Impasse nos direitos e pressão sobre as televisões
A ThePortugalPost refere que a FIFA ainda tenta fechar acordos de transmissão na China e na Índia, enquanto em Portugal os operadores tradicionais resistem ao que classificam como uma subida excessiva dos preços dos direitos do Mundial 2026.Em Lisboa, no Digital Business Congress da APDC, o presidente executivo da Media Capital, Pedro Morais Leitão, diz que a FIFA pede cerca de 40% mais do que foi pago pelo Mundial de 2022 no Qatar. Segundo o gestor, a recusa das televisões em aceitar esse valor cria um bloqueio com potencial impacto na emissão em sinal aberto, tendo em conta a obrigação legal de transmitir determinados jogos.
Francisco Pedro Balsemão, presidente da Impresa, afirma no mesmo painel que os operadores pedem um desconto, argumentando que a disponibilização gratuita dos primeiros dez minutos de cada jogo no YouTube reduz o valor da exclusividade. Nicolau Santos, presidente da RTP, diz que a entrada de grandes plataformas globais no mercado do desporto está a criar um ambiente regulatório desequilibrado, em que os operadores tradicionais enfrentam concorrência direta de grupos com maior escala financeira.
Risco para o acesso gratuito e mudança no mercado
A estratégia da FIFA passa por fracionar os direitos de transmissão por várias plataformas, em vez de atribuir pacotes exclusivos a um único operador. Essa abordagem procura ampliar o alcance digital e as receitas, apoiada também na plataforma FIFA+, mas agrava a tensão com grupos televisivos habituados a modelos de exclusividade.Para os residentes em Portugal, o efeito imediato depende de um acordo antes do início do torneio, marcado para 11 de junho.
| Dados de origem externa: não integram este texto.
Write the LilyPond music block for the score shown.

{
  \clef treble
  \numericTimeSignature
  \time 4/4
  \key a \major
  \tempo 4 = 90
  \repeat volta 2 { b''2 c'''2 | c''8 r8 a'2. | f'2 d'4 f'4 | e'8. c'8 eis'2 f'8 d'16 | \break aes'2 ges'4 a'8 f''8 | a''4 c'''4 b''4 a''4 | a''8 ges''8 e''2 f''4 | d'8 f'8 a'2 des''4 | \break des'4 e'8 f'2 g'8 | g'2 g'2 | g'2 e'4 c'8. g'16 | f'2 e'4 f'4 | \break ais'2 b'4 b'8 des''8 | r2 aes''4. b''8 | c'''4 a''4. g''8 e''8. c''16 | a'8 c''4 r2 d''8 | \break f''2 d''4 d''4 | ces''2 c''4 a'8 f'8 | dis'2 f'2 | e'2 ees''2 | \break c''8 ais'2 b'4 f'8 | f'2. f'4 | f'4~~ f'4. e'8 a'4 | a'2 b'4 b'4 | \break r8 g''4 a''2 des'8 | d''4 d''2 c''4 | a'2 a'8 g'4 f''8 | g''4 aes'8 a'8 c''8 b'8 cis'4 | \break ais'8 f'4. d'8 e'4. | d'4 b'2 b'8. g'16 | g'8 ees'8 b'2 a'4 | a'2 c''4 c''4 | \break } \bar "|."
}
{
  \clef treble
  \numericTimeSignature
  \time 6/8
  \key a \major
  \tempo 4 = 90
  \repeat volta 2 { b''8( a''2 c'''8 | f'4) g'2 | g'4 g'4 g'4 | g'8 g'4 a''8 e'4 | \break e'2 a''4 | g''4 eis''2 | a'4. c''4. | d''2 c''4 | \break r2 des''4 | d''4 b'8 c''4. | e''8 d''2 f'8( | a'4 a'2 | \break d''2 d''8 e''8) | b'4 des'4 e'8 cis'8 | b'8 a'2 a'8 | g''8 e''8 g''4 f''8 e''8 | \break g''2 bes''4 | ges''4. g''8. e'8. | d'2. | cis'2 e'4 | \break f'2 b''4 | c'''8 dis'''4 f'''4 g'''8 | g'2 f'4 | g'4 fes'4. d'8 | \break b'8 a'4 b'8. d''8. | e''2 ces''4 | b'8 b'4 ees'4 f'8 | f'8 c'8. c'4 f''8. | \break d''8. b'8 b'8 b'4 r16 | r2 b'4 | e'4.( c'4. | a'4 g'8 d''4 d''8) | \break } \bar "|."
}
Como a legislação portuguesa impõe que eventos desportivos de grande relevância, incluindo jogos do Mundial, estejam disponíveis em sinal aberto, um falhanço total nas negociações pode forçar intervenção regulatória, embora esse mecanismo ainda não tenha sido testado neste contexto.
O conflito também reflete uma transformação mais ampla no mercado audiovisual. Com plataformas como Amazon Prime Video e Apple TV+ a investirem mais em desporto em direto, os preços sobem e a audiência fragmenta-se por vários serviços pagos, cenário que pode reduzir no futuro o papel de canais como TVI, SIC e RTP no acesso generalizado a grandes competições.
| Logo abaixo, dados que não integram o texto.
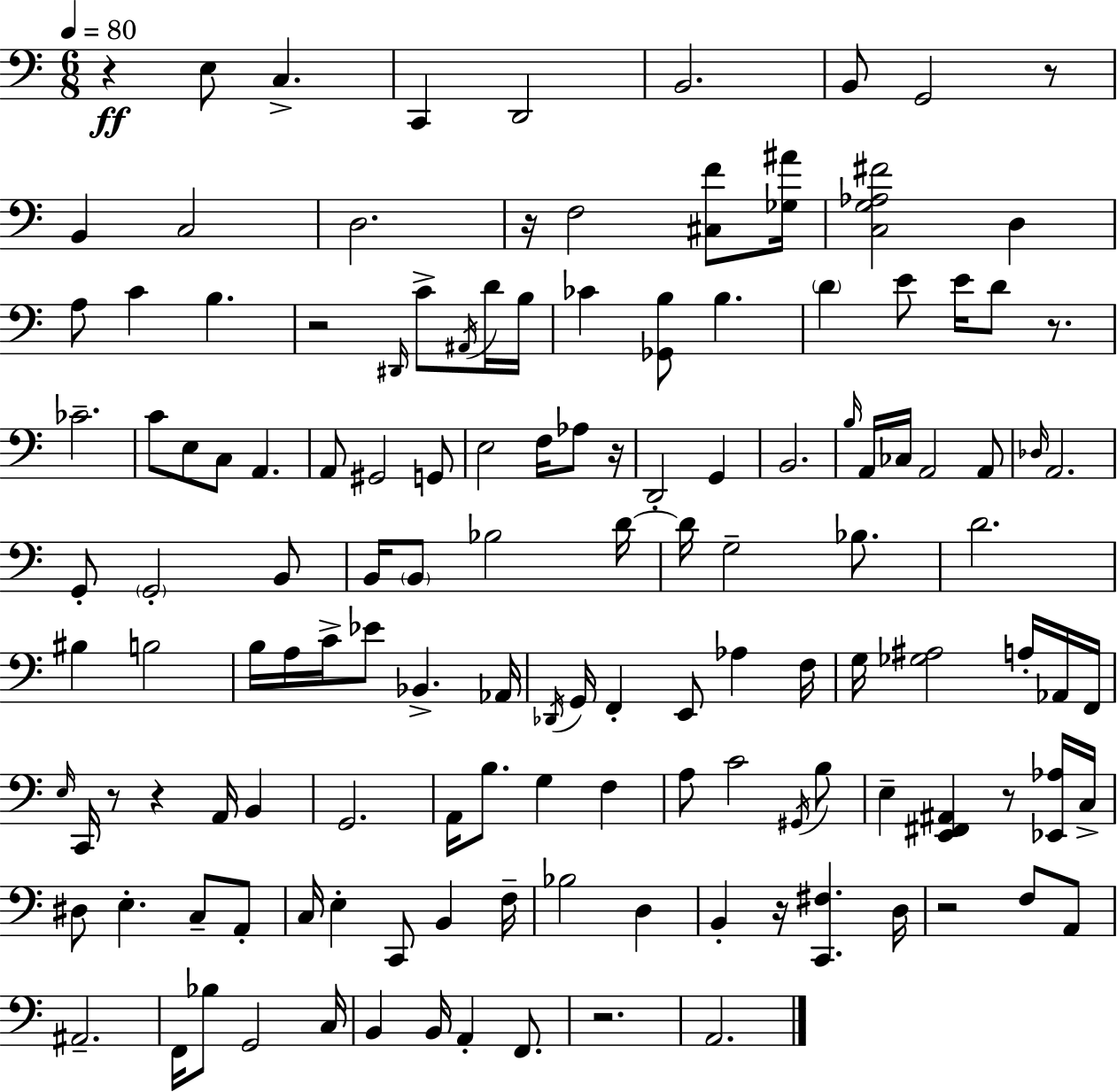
{
  \clef bass
  \numericTimeSignature
  \time 6/8
  \key c \major
  \tempo 4 = 80
  r4\ff e8 c4.-> | c,4 d,2 | b,2. | b,8 g,2 r8 | \break b,4 c2 | d2. | r16 f2 <cis f'>8 <ges ais'>16 | <c g aes fis'>2 d4 | \break a8 c'4 b4. | r2 \grace { dis,16 } c'8-> \acciaccatura { ais,16 } | d'16 b16 ces'4 <ges, b>8 b4. | \parenthesize d'4 e'8 e'16 d'8 r8. | \break ces'2.-- | c'8 e8 c8 a,4. | a,8 gis,2 | g,8 e2 f16 aes8 | \break r16 d,2-. g,4 | b,2. | \grace { b16 } a,16 ces16 a,2 | a,8 \grace { des16 } a,2. | \break g,8-. \parenthesize g,2-. | b,8 b,16 \parenthesize b,8 bes2 | d'16~~ d'16 g2-- | bes8. d'2. | \break bis4 b2 | b16 a16 c'16-> ees'8 bes,4.-> | aes,16 \acciaccatura { des,16 } g,16 f,4-. e,8 | aes4 f16 g16 <ges ais>2 | \break a16-. aes,16 f,16 \grace { e16 } c,16 r8 r4 | a,16 b,4 g,2. | a,16 b8. g4 | f4 a8 c'2 | \break \acciaccatura { gis,16 } b8 e4-- <e, fis, ais,>4 | r8 <ees, aes>16 c16-> dis8 e4.-. | c8-- a,8-. c16 e4-. | c,8 b,4 f16-- bes2 | \break d4 b,4-. r16 | <c, fis>4. d16 r2 | f8 a,8 ais,2.-- | f,16 bes8 g,2 | \break c16 b,4 b,16 | a,4-. f,8. r2. | a,2. | \bar "|."
} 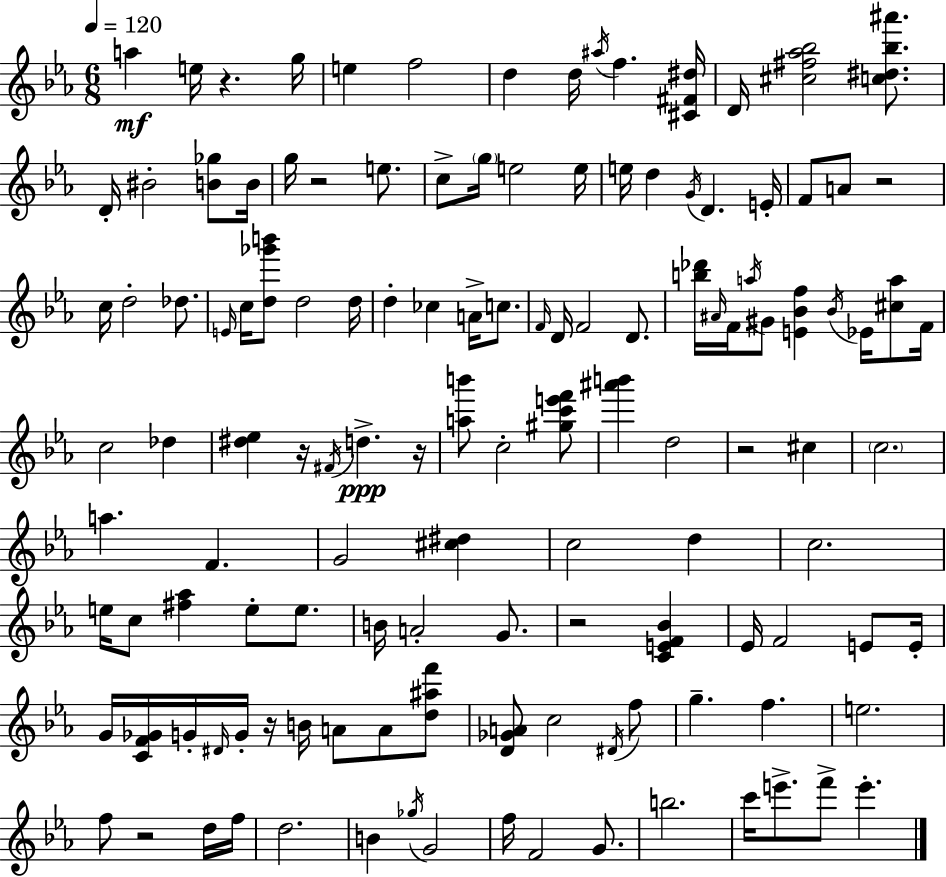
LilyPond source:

{
  \clef treble
  \numericTimeSignature
  \time 6/8
  \key ees \major
  \tempo 4 = 120
  a''4\mf e''16 r4. g''16 | e''4 f''2 | d''4 d''16 \acciaccatura { ais''16 } f''4. | <cis' fis' dis''>16 d'16 <cis'' fis'' aes'' bes''>2 <c'' dis'' bes'' ais'''>8. | \break d'16-. bis'2-. <b' ges''>8 | b'16 g''16 r2 e''8. | c''8-> \parenthesize g''16 e''2 | e''16 e''16 d''4 \acciaccatura { g'16 } d'4. | \break e'16-. f'8 a'8 r2 | c''16 d''2-. des''8. | \grace { e'16 } c''16 <d'' ges''' b'''>8 d''2 | d''16 d''4-. ces''4 a'16-> | \break c''8. \grace { f'16 } d'16 f'2 | d'8. <b'' des'''>16 \grace { ais'16 } f'16 \acciaccatura { a''16 } gis'8 <e' bes' f''>4 | \acciaccatura { bes'16 } ees'16 <cis'' a''>8 f'16 c''2 | des''4 <dis'' ees''>4 r16 | \break \acciaccatura { fis'16 } d''4.->\ppp r16 <a'' b'''>8 c''2-. | <gis'' c''' e''' f'''>8 <ais''' b'''>4 | d''2 r2 | cis''4 \parenthesize c''2. | \break a''4. | f'4. g'2 | <cis'' dis''>4 c''2 | d''4 c''2. | \break e''16 c''8 <fis'' aes''>4 | e''8-. e''8. b'16 a'2-. | g'8. r2 | <c' e' f' bes'>4 ees'16 f'2 | \break e'8 e'16-. g'16 <c' f' ges'>16 g'16-. \grace { dis'16 } | g'16-. r16 b'16 a'8 a'8 <d'' ais'' f'''>8 <d' ges' a'>8 c''2 | \acciaccatura { dis'16 } f''8 g''4.-- | f''4. e''2. | \break f''8 | r2 d''16 f''16 d''2. | b'4 | \acciaccatura { ges''16 } g'2 f''16 | \break f'2 g'8. b''2. | c'''16 | e'''8.-> f'''8-> e'''4.-. \bar "|."
}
Na nossa publicação, acompanhámos a crise da Trust in News e o risco de colapso da revista Visão após o Supremo Tribunal de Justiça ter validado o plano de insolvência, mas anulado uma cláusula central, deixando a empresa num limbo jurídico e financeiro. O texto destacou a pressão de jornalistas e credores para reabrir negociações e evitar a liquidação, num contexto de dívidas elevadas e queda das receitas da imprensa. Esse caso ilustra como o setor dos media enfrenta fragilidade financeira e necessidade de adaptação, pano de fundo para a atual disputa pelos direitos do Mundial 2026 e a pressão sobre as televisões.